Diese Luecke fuehrt zu realem Schaden: Berechtigte erhalten keine Leistungen, die ihnen zustehen, weil sie nicht wissen, dass sie existieren oder wie man sie beantragt. Sozialversicherungstraeger, Behörden und Sozialberatungsstellen stehen vor der Aufgabe, komplexe Inhalte verständlich und zugaenglich zu kommunizieren. Erklärvideos sind dafür das wirksamste Werkzeug.
Sozialversicherung: Die groesste Kommunikationsherausforderung
Öffentliche Verwaltung und Sozialversicherungstraeger kommunizieren traditionell durch Briefe, Formulare und Informationsbroschuren. Diese Formate haben Grenzen:
- Schriftliche Dokumente erfordern Lesebereitschaft und -faehigkeit
- Fachsprache und Behördensprache schreckt viele Buerger ab
- Verschiedene Sprach- und Bildungshintergruende in der Zielgruppe
- Zeitaufwand für das Lesen langer Erklärvideoungen ist für viele eine Barriere
- Mobile-First: Immer mehr Menschen suchen Informationen auf dem Smartphone
Erklärvideos loesen viele dieser Probleme gleichzeitig. Sie sind schnell konsumierbar, funktionieren mobil perfekt, sprechen unterschiedliche Sprachhintergruende besser an und koennen einfache Sprache mit visueller Unterstuetzung kombinieren.
Fakten zu Video in der oeffentlichen Kommunikation:
Mehrere Studien zeigen, dass Buerger Informationen aus Videos bis zu 6x besser behalten als aus Texten.
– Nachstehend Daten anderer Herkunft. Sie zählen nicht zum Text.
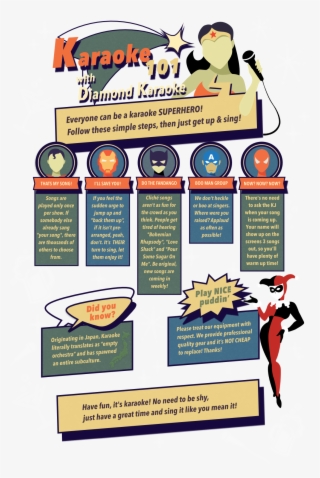 How To Karaoke - Poster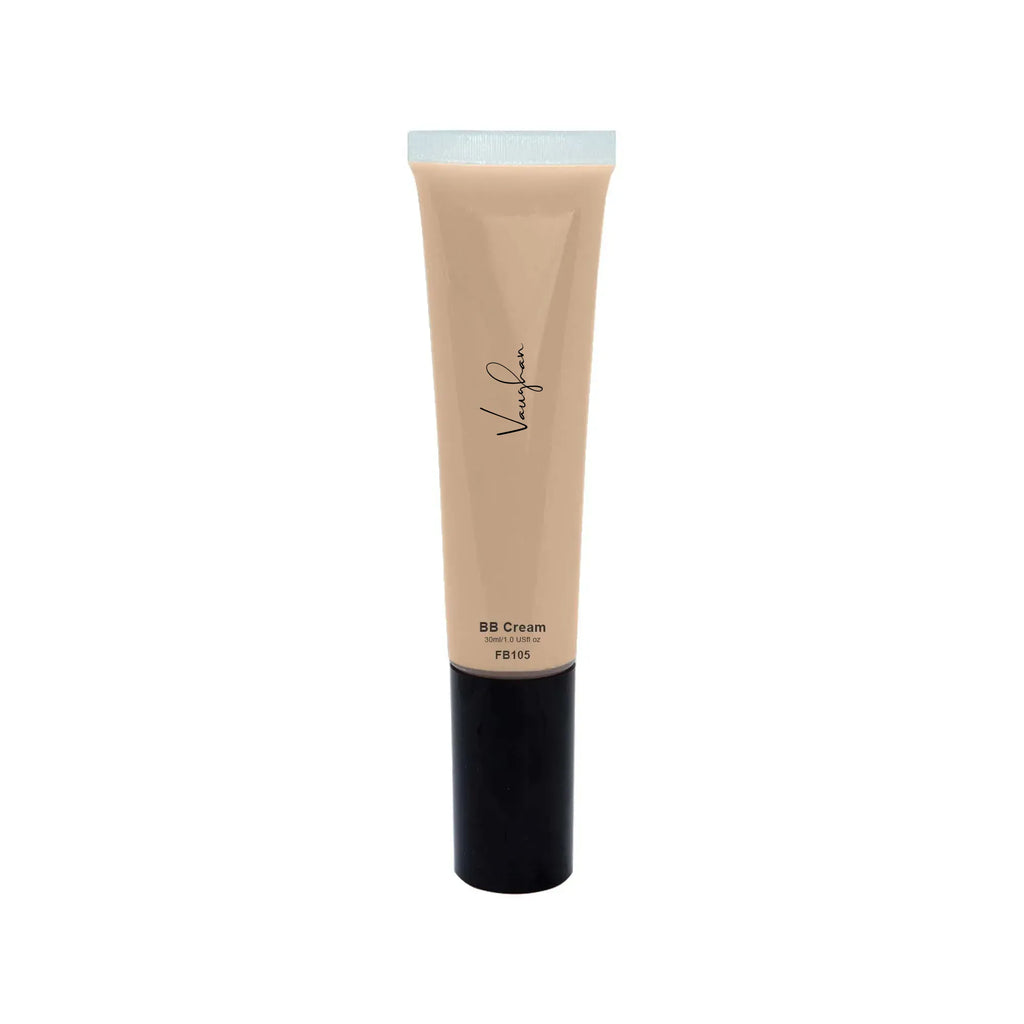 Tube of BB cream with a visible brand logo on a white background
Behörden wie das Bundesministerium für Arbeit und Soziales nutzen YouTube-Erklärvideos zu Buergergeld und Rentenrecht mit Millionen Aufrufen. Die Nachfrage nach verständlicher Behordenkommunikation ist gross.
GKV erklärungsen: Krankenversicherung verständlich machen
Die gesetzliche Krankenversicherung ist für die meisten Menschen abstrakt. Beitraege werden automatisch vom Lohn abgezogen, und im Krankheitsfall funktioniert das System meistens ohne viel Nachdenken. Aber sobald Fragen entstehen, ist das Wissen oft nicht vorhanden.
Typische GKV-Fragen, die Erklärvideos beantworten koennen:
- Was deckt die GKV ab, und was nicht?
- Was ist der Unterschied zwischen GKV und PKV?
- Wie funktioniert die Familienversicherung?
- Wann ist man als Selbststaendiger GKV-pflichtversichert?
- Wie funktioniert der Zusatzbeitrag, und wie vergleiche ich Krankenkassen?
- Was ist das Krankentagegeld, und wann habe ich Anspruch?
Krankenkassen, die ihre Versicherten gut informieren, staerken die Kundenbindung und reduzieren den Beratungsaufwand im Kundenservice. Ein gut gemachtes Erklärvideo zu häufig gestellten Fragen spart Tausende von Servicestunden.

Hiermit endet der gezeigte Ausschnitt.